═════ Source information ═════

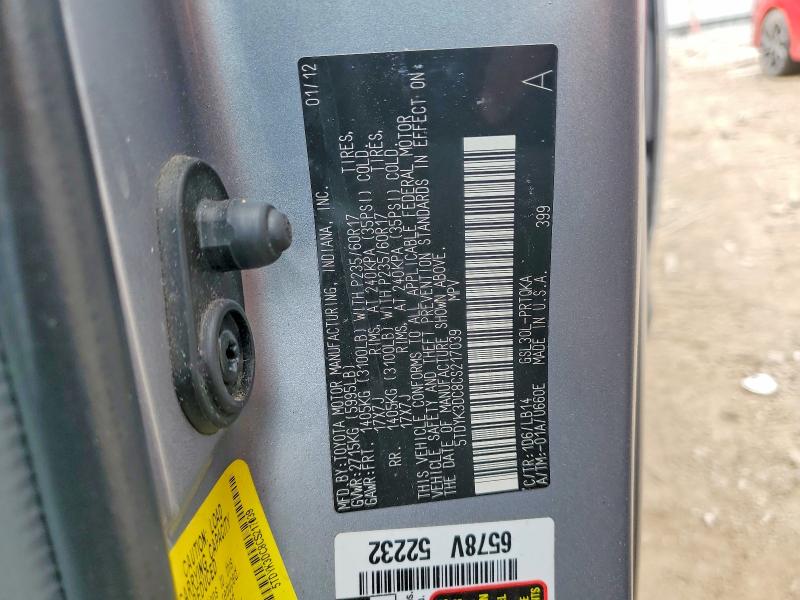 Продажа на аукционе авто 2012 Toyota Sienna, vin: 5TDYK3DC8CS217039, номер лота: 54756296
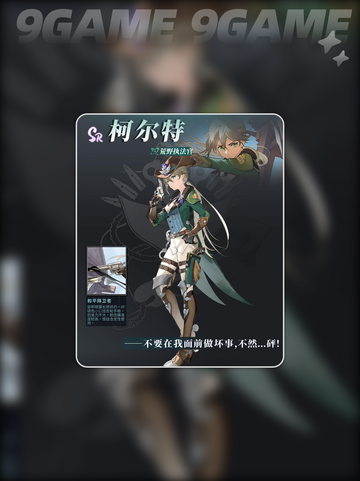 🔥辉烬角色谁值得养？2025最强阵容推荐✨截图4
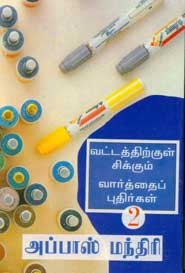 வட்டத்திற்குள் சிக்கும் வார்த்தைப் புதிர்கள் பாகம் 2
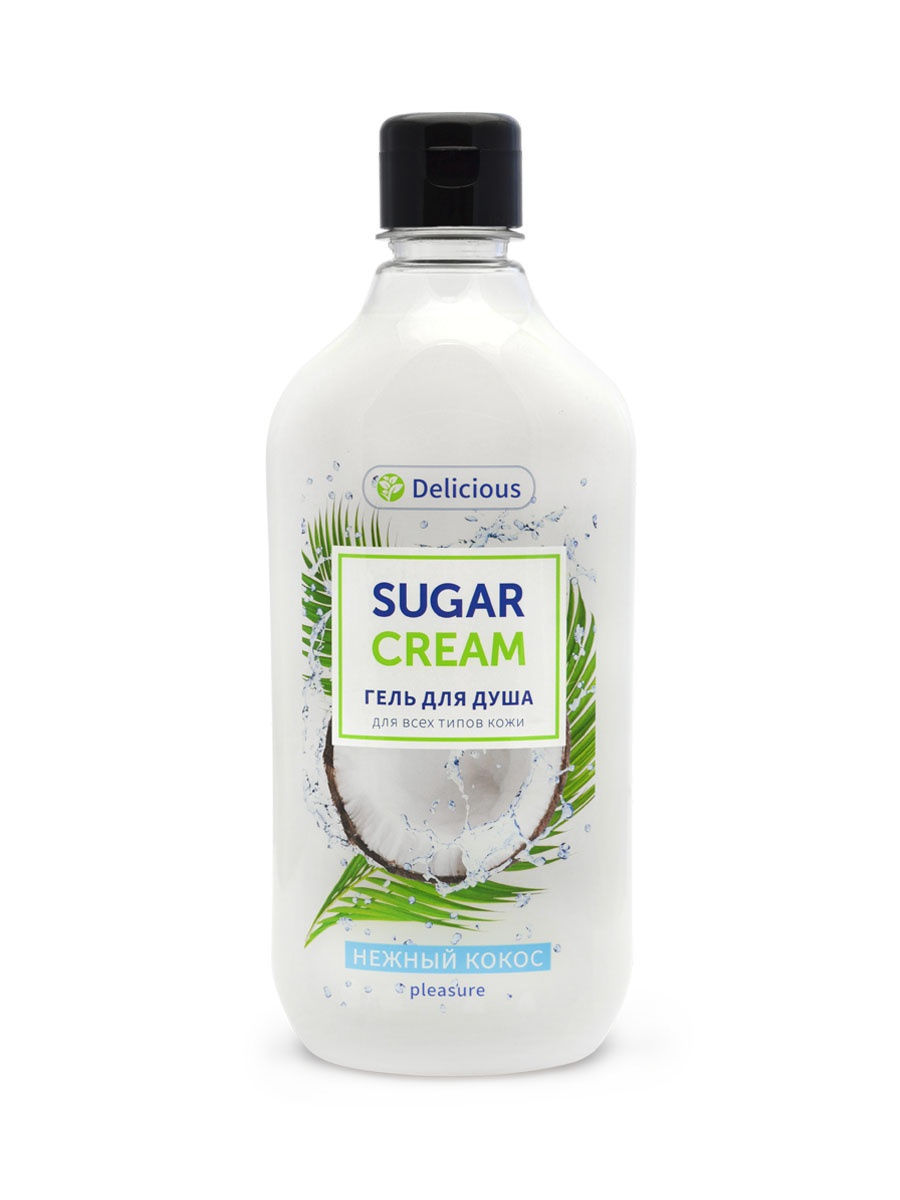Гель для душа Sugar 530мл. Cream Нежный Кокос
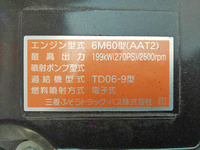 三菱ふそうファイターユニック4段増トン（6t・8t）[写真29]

═════

**Task details**
Please retype the listing exactly, leaving out any images.

**The answer**
 Продажа на аукционе авто 2012 Toyota Sienna, vin: 5TDYK3DC8CS217039, номер лота: 54756296
 🔥辉烬角色谁值得养？2025最强阵容推荐✨截图4
 வட்டத்திற்குள் சிக்கும் வார்த்தைப் புதிர்கள் பாகம் 2
Гель для душа Sugar 530мл. Cream Нежный Кокос
 三菱ふそうファイターユニック4段増トン（6t・8t）[写真29]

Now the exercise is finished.